さて、ここでバスに乗るべきかどうか。私は以前からあることが気になっていました。アンナプルナ保護区域を走るバスには、あからさまな外人価格(例: 3時間600ルピー)が設定されています。一方、ベニ-ポカラ間はローカル料金(4時間 180ルピー)で行けます。私はこの料金設定の分岐点を保護区域の境界であるタトパニ周辺ではないかと推測していました。つまり、タトパニやラトパニ発のバスやジープに乗れば、もっと安くベニまで行けるのではないかと。検証してみたいところですが、そうなると今晩タトパニに一泊しなければなりません。結局、時間を優先してバスに乗ることにしました。
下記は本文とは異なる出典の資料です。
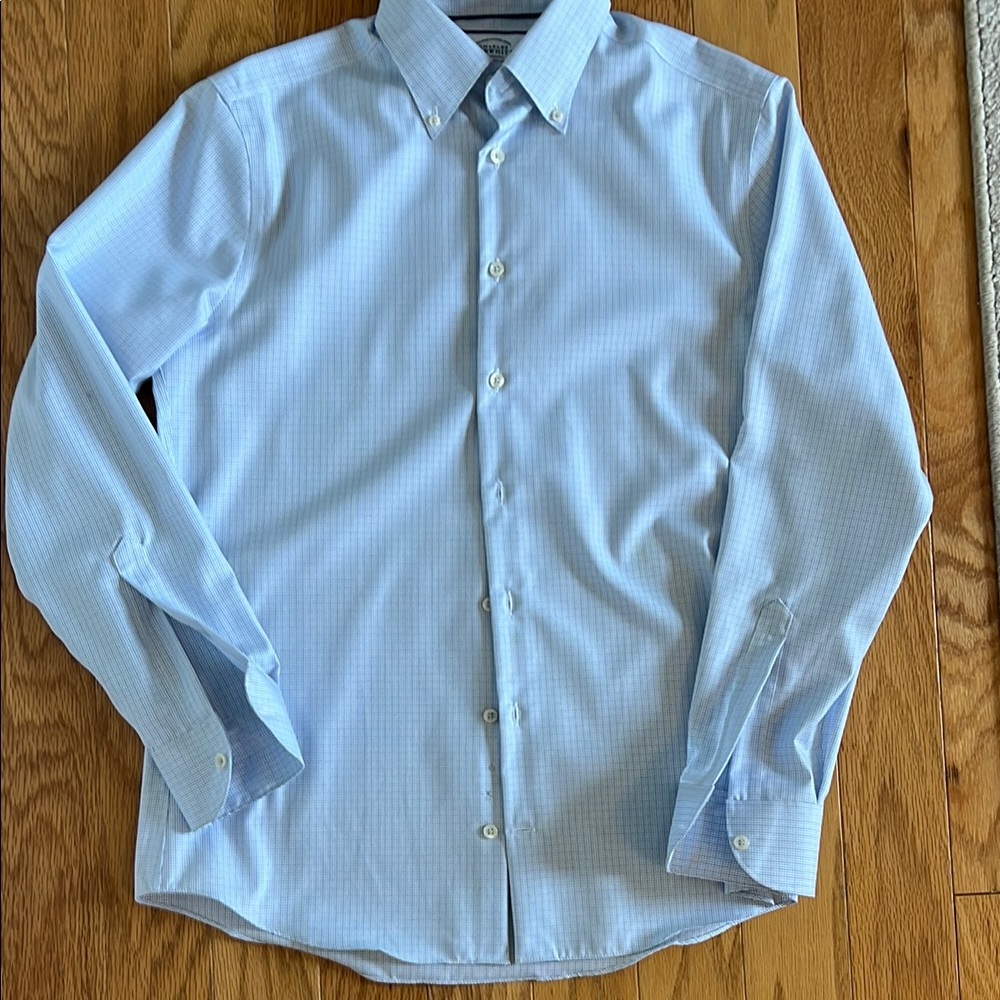 Charles Tyrwhitt Light Blue Plaid Button-Down Shirt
タトパニまで競争できなくて残念です。 -
[ベニへの道]
バスの出発を待っていると、茶屋の前をサイクリストの皆さんがビュンビュン通過していきました。彼らに追い抜かれるのはこれで三度目。どうも、ダナの橋からここまでたった2時間で来たようです。これは予想以上に速い。私はかなり飛ばして歩きましたが、それでも1時間15分かかっています。普通の人だと歩いて2時間かかってもおかしくありません。MTBってそんなに簡単に担げるものなの? -
3:45PM, 待つこと1時間、ようやくバスは出発し、30分でタトパニに到着しました。タトパニのバス停で20分ほど停車している間、再びサイクリストの人達が目の前を走り抜けます。いつの間にかバスが追い抜いていたようです。もしバスに乗ってなかったら、どっちが勝っていたのか..たぶん非常に接戦だったと思います。
彼らは今日タトパニの宿に泊まるようです。明日はどこまで行くのでしょう。そうこうしている間にバスは出発し、暗闇の中、2時間ほどかけてベニに到着しました。 -
ベニは想像以上に賑やかな町。山奥とはいえ、通りは商店で溢れ、町に活気があります。ベニはムスタン方面への道、ポカラ方面への道、ミャグディ川沿いの道が交わる要所にあるため、この地域のバザール・タウンとしての役割を果たしています。町の建物はコンクリート製、もう山小屋ではありません。
物価もポカラなどより、ほんの少し高いだけ。レストランのメニューを見ると安さで笑いが止まりません。せっかくなのでチキン・ステーキ(写真、150ルピー)、ガーリック・スープ(40ルピー)、オムレツ(30ルピー)を注文。腹いっぱい食べて寝床につきました。 -
[まとめ]
翌朝、シンハ温泉を訪問した後、午後のバスでポカラに戻りました。ポカラへ急いだのはストリート・フェスティバル(写真)を見るためです。そこでは、連日各種イベントが行われ、大勢のネパール人観光客が休日を楽しんでいました。その一方、私はなぜか居心地の悪さを感じていました。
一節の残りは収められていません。